Anthropology is a broad discipline that draws on social sciences, natural sciences, and the humanities to examine the relationships between people and their environments. Its broad field of study links biology, social science, and history. Its earliest practitioners analyzed observable cultural diversity. But as time progressed, anthropologists focused on broader issues, including human origin and evolution. And today, the field continues to grow.
Anthropologists are often concerned with human behavior and society in its many forms. They study everything from hunter-gatherer societies to the daily activities of people visiting a shopping mall. They explore the importance of kinship, religion, and gender in different cultures, and analyze the wider implications of these actions. Some of their research also focuses on the impact of modernization on small-scale societies, and the struggle of indigenous peoples to maintain their cultures.

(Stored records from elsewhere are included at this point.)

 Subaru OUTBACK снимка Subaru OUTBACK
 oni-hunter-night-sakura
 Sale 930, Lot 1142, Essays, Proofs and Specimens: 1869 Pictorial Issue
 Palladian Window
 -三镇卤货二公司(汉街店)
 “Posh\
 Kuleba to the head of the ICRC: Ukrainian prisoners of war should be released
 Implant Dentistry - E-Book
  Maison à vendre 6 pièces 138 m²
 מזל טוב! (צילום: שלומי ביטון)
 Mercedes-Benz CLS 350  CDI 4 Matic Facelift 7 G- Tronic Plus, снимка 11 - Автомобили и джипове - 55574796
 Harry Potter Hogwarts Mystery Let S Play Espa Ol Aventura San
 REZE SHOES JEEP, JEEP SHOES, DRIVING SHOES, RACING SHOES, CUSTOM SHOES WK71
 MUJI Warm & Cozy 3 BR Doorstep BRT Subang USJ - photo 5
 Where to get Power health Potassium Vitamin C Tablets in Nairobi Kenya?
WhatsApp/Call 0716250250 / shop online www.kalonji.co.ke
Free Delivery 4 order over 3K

Anthropology has a unique role in 21st century knowledge, and it is crucial for attempts to understand the world in which we live. It’s essential for building understanding across cultural divides, including those caused by globalization. And as a basic science, anthropology is the most humanistic and scientific of the humanities. So, what makes anthropology so relevant today? Consider the following:
Anthropology has many branches, and is closely related to political science and sociology. It explores the social aspects of man, from the origins of our species to the behavior of humans in our modern world. Anthropologists can also study the differences and similarities between groups, including diet, rituals, and more. And, because of its broad scope, anthropologists can help explain all aspects of human life and culture.